> **Provided records**
+++++
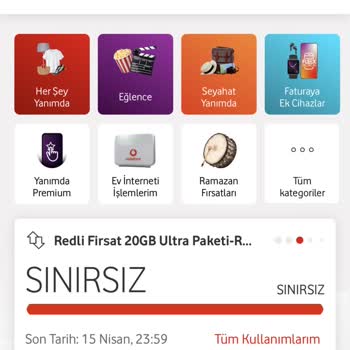 Vodafone Wİ-Fİ'ye Bağlı Olan Hatta Haksız Paket Aşım Ücreti Yansıtıyor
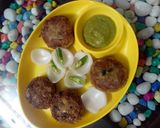 A picture of step 4 of Soya ke shami kabab.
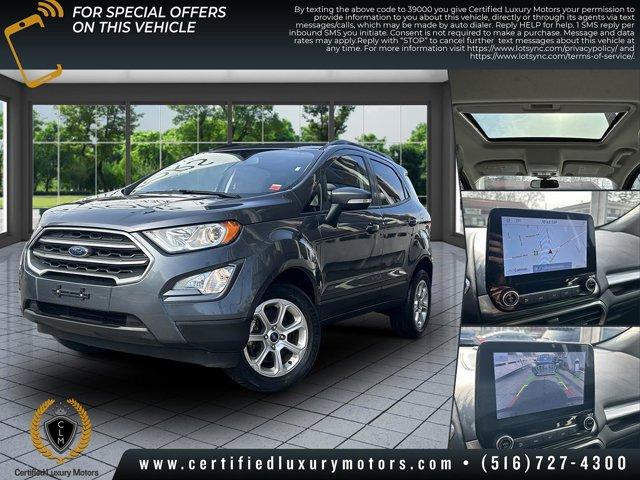 used 2020 Ford EcoSport car, priced at $14,900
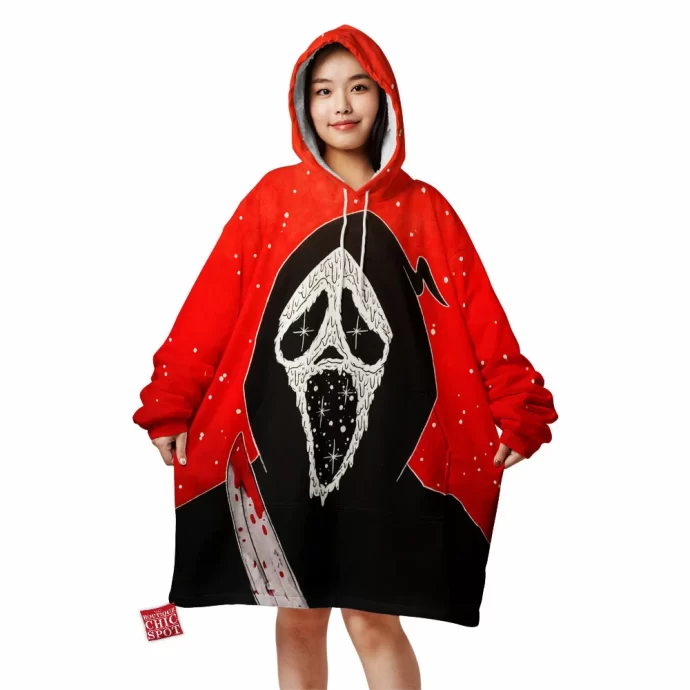 Ghostface Blanket Hoodie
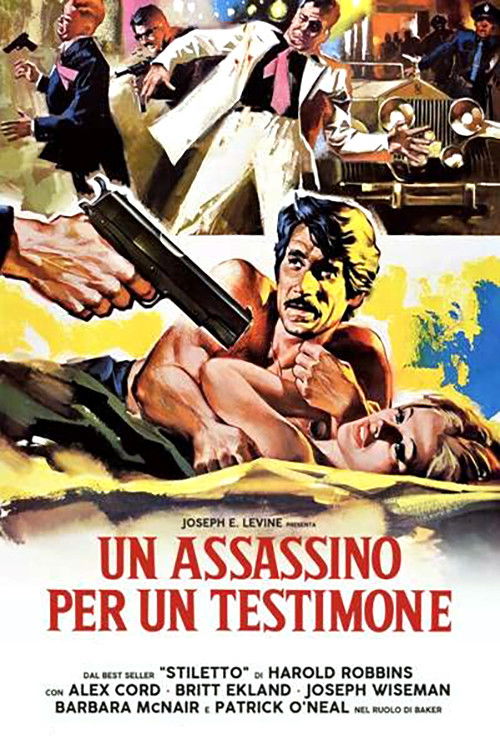 Locandina di Un assassino per un testimone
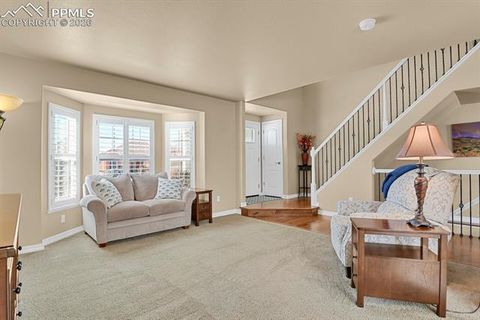 Tiny photo for 5973 High Noon Avenue, Colorado Springs, CO 80923 (MLS # 9651882)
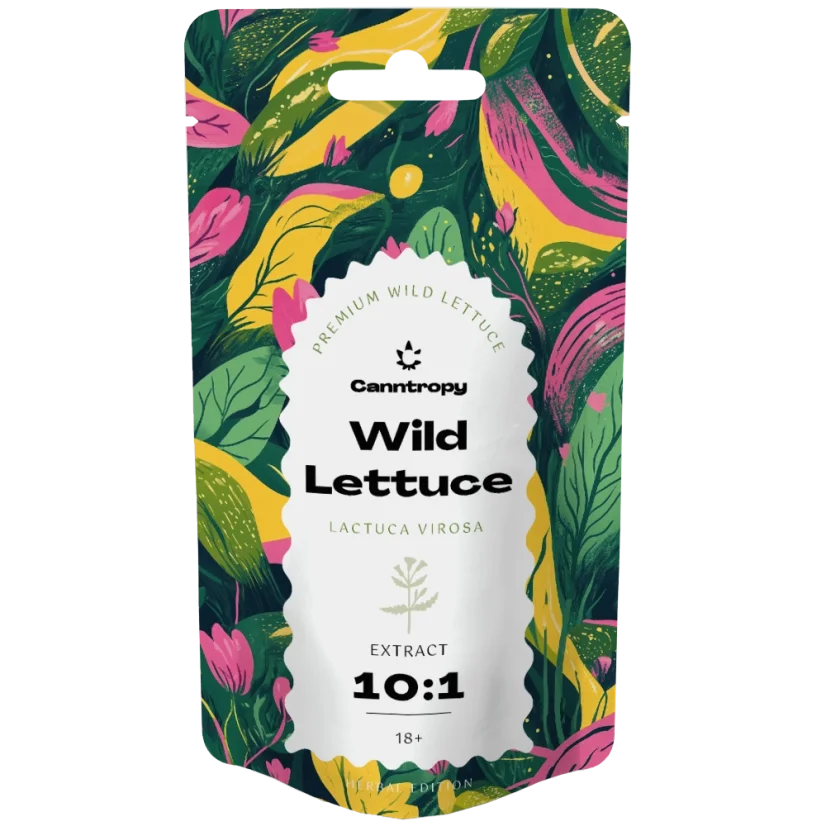 Canntropy Εκχύλισμα άγριου μαρουλιού (Lactuca virosa) 10:1, 5 g - 100 g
+++++
> **Prompt**
In your reply, please print exactly the lines from the one with "Ghostface Blanket Hoodie" through the final line of the listing above, both included, and no pictures.

> **Output below**
 Ghostface Blanket Hoodie
 Locandina di Un assassino per un testimone
 Tiny photo for 5973 High Noon Avenue, Colorado Springs, CO 80923 (MLS # 9651882)
 Canntropy Εκχύλισμα άγριου μαρουλιού (Lactuca virosa) 10:1, 5 g - 100 g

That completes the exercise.